Gabriel Attal à l'Assemblée nationale le 6 mai 2025 - Bertrand GUAY / AFP
Plutôt discret ces derniers temps, Gabriel Attal remonte au front. À quelques heures de la publication d'un rapport consacré aux Frères musulmans qui fait état d'une "menace pour la cohésion nationale", l'ex-Premier ministre a proposé ce mardi 20 mai d'interdire le voile dans l'espace public pour les mineurs de moins de 15 ans.
La mesure a agacé le président du Rassemblement national Jordan Bardella. "Tenter désespérément de faire parler de soi et d'exister vaut bien quelques revirements à 180 degrés", a jugé dans la foulée Jordan Bardella sur le réseau social X en partageant la vidéo d'une émission d 22 avril 2022, en pleine campagne présidentielle.
"Si Marine Le Pen est élue, sa priorité, ce n'est pas les valeurs de la République qui seront défendues", lançait alors sur le plateau de télévision Gabriel Attal alors porte-parole du gouvernement.
"Parce que sa priorité, c'est de demander aux policiers de courser les femmes qui portent le voile pour leur retirer ou les verbaliser", continuait-il encore.
Le voile pour des fillettes, "pas une décision libre et éclairée"
En 2021, en plein examen de projet de loi contre les séparatismes, le RN proposait l'interdiction dans "l'espace public des signes ou des tenues constituants une affirmation sans équivoque et ostentatoires" des "idéologies islamistes". C'est sur cette mesure que le macroniste attaquait alors Jordan Bardella.
Mais la séquence télévisuelle ne portait pas spécifiquement sur l'interdiction du voile aux jeunes femmes mineures mais sur son port dans l'ensemble de la société. Interpellé à l'Assemblée nationale, celui qui est devenu président de Renaissance à l'automne après son départ de Matignon, s'est d'ailleurs défendu de tout revirement.
"Une femme qui décide de porter librement le voile, c'est sa décision", a insisté Gabriel Attal ce mercredi après-midi, assurant ne pas "mélanger l'islam compatible avec les valeurs de la République et l'islamisme".
"Mais quelle est la liberté d'une fillette qui le porte à 5 ou 6 ans? On ne va quand même pas dire qu'elle a pris cette décision de façon libre et éclairée", a encore expliqué l'ancien Premier ministre.
Un phénomène "présent sur le territoire"
Dans ce rapport qui explique comment l'islamisme tente de s'infiltrer à "bas bruit" par les associations sportives ou culturels, on peut lire que la "présence de fillettes voilées" a été relevée notamment dans un centre de loisirs de la Nièvre.
Sans "être un phénomène endémique, le phénomène de voilement des mineures parfois de 5-6 ans apparaît désormais bien présent sur le territoire français".
À l'instant T, aucune limite d'âge n'est fixée pour porter le voile dans l'espace public en France.

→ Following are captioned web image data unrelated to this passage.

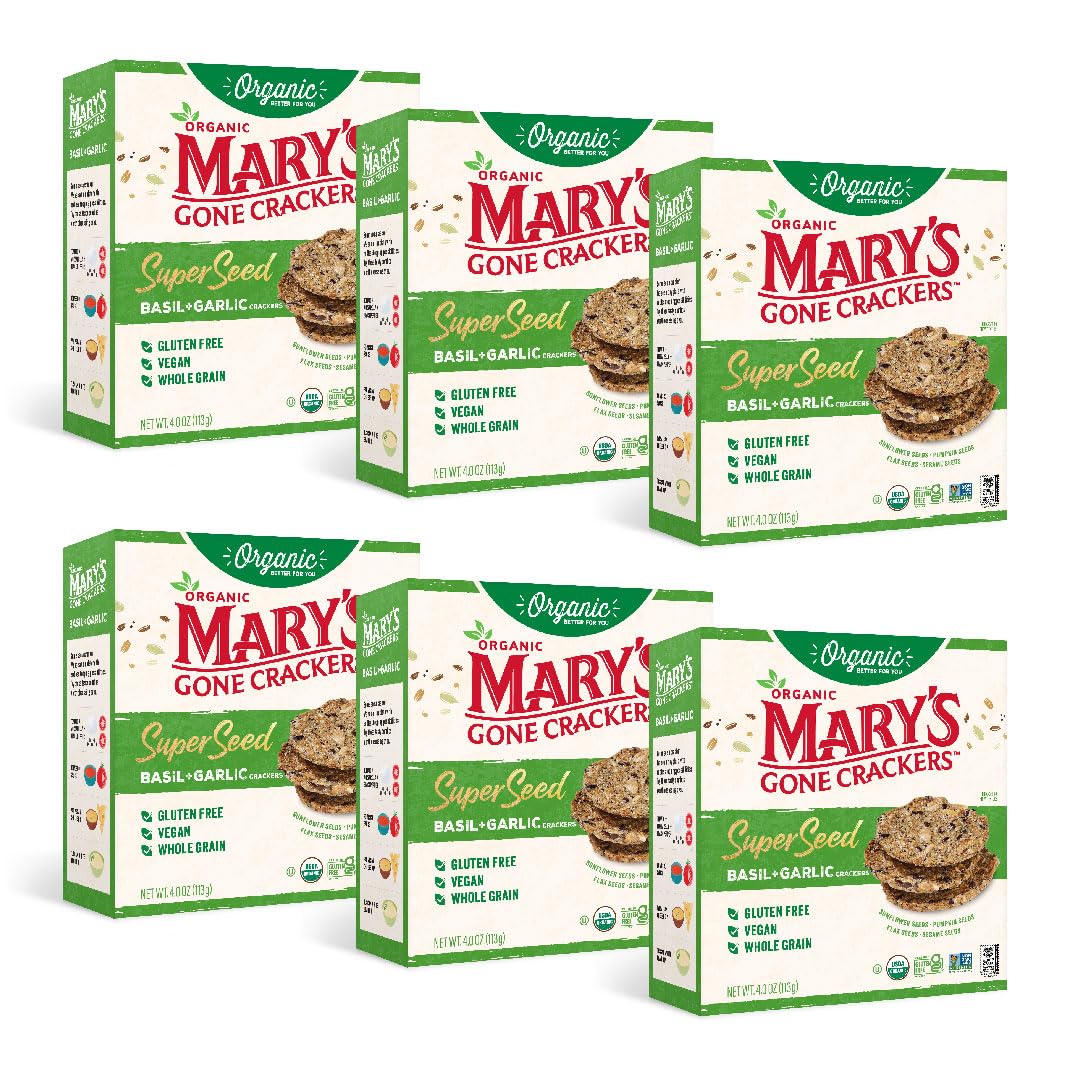 Marys Gone Crackers Super Seed Crackers, Basil & Garlic, 4 Ounce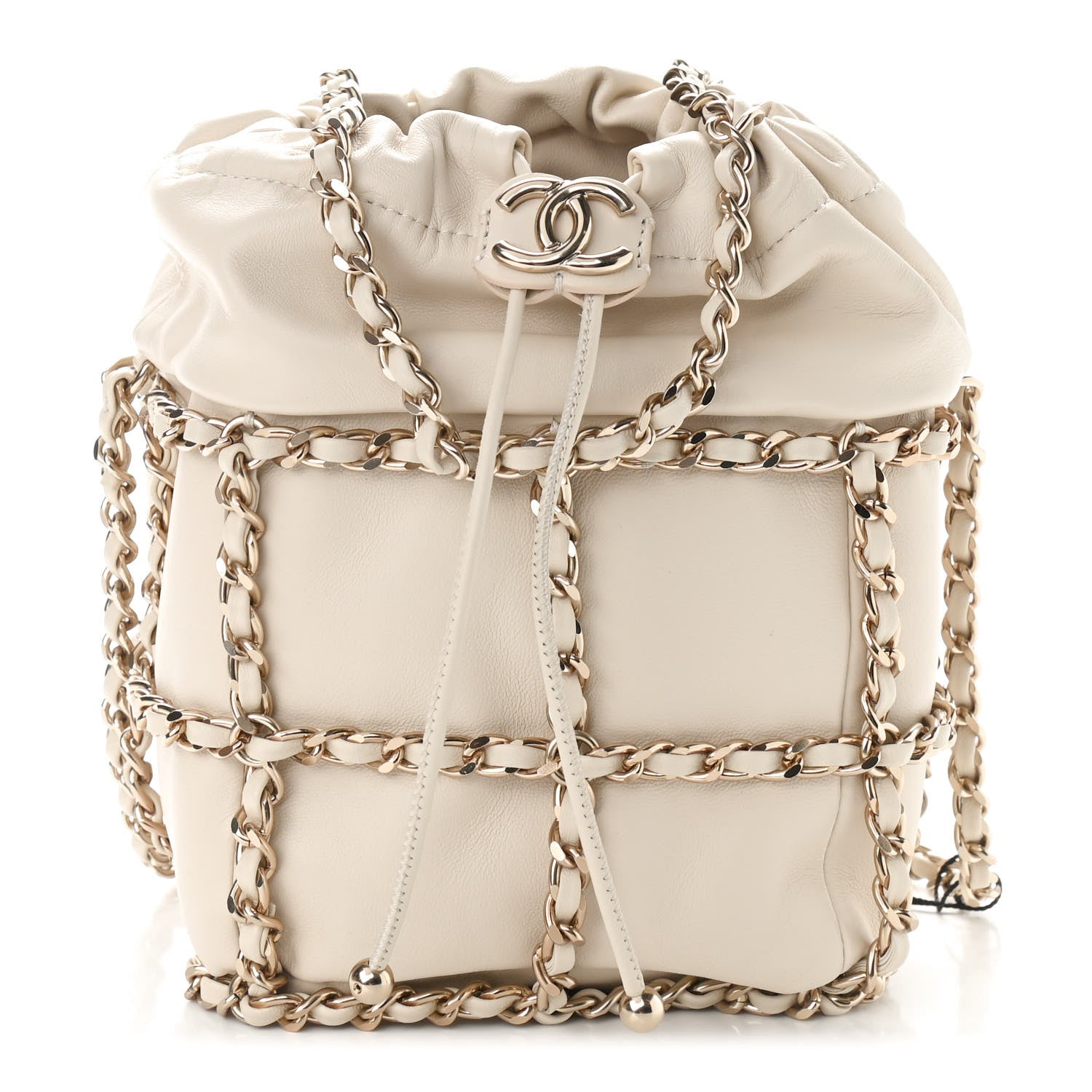 Chanel Lambskin Bucket Chain Drawstring Bag Beige 1 of 10
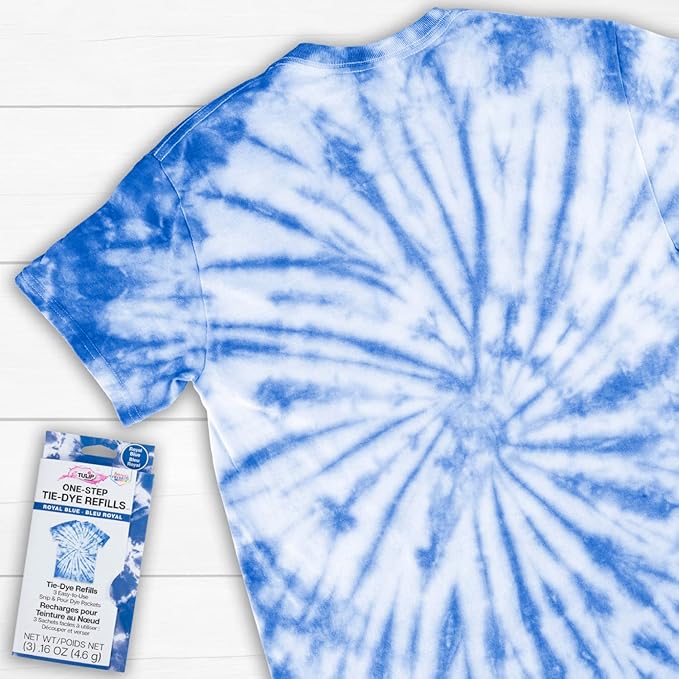 Tulip One-Step Tie-Dye Kit , 3 Fabric Dye Refill Packs, Packs, Royal Blue
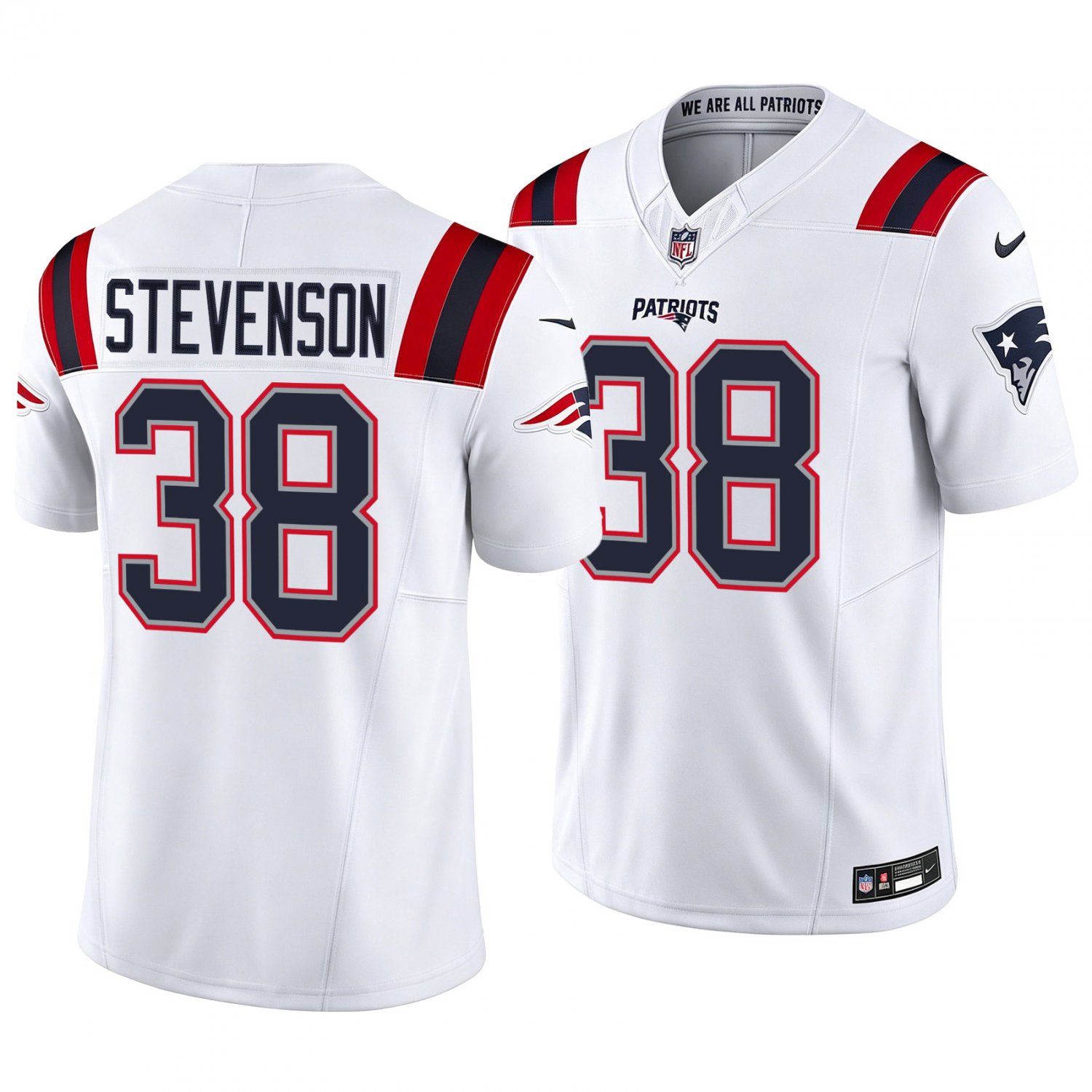 New England Patriots #38 Rhamondre Stevenson White Men's&Youth Jersey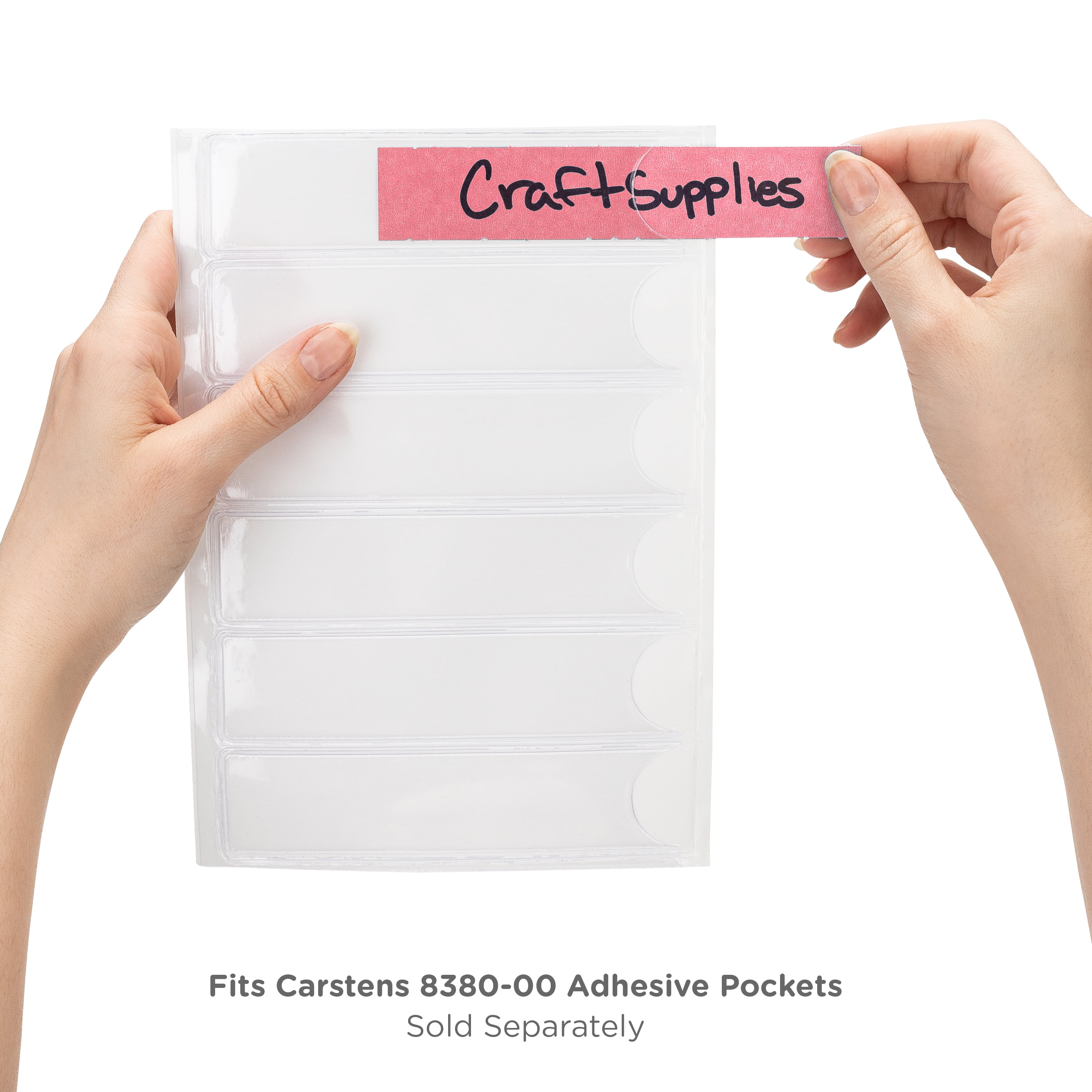 Carstens - Pink 1 Inch Binder Spine Insert Cards, 5.25 x .6875 Inch, Pack of 100 (8390 Series) - Ideal for 1 Inch Spine Insert Adhesive Pockets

Mais depuis la loi de 2004, "le port de signes ou tenues par lesquels les élèves manifestent ostensiblement une appartenance religieuse est interdit" dans "les écoles, les collèges et les lycées publics".
Un cadre légal en partie déjà existant
Quand il était ministre de l'Éducation nationale, Gabriel Attal avait fait entériner à la rentrée 2023 l'interdiction des abayas, ces longues et amples robes assimilée à une tenue traditionnelle de la religion musulmane.
À l'annonce du rapport sur les Frères musulmans, le député des Hauts-de-Seine a également proposé la création d'un délit de contrainte du port du voile contre les parents qui forceraient leur fille.
La mesure existe cependant depuis 2010. Le code pénal indique que "toute personne imposant" à une "autre personne de dissimuler leur visage par menace, violence, contrainte, abus d'autorité ou abus de pouvoir, en raison de leur sexe, est puni d'un an d'emprisonnement et de 30.000 € d'amende.
"Lorsque le fait est commis au préjudice d'un mineur, les peines sont portées à deux ans d'emprisonnement et à 60.000 € d'amende", précise encore la loi.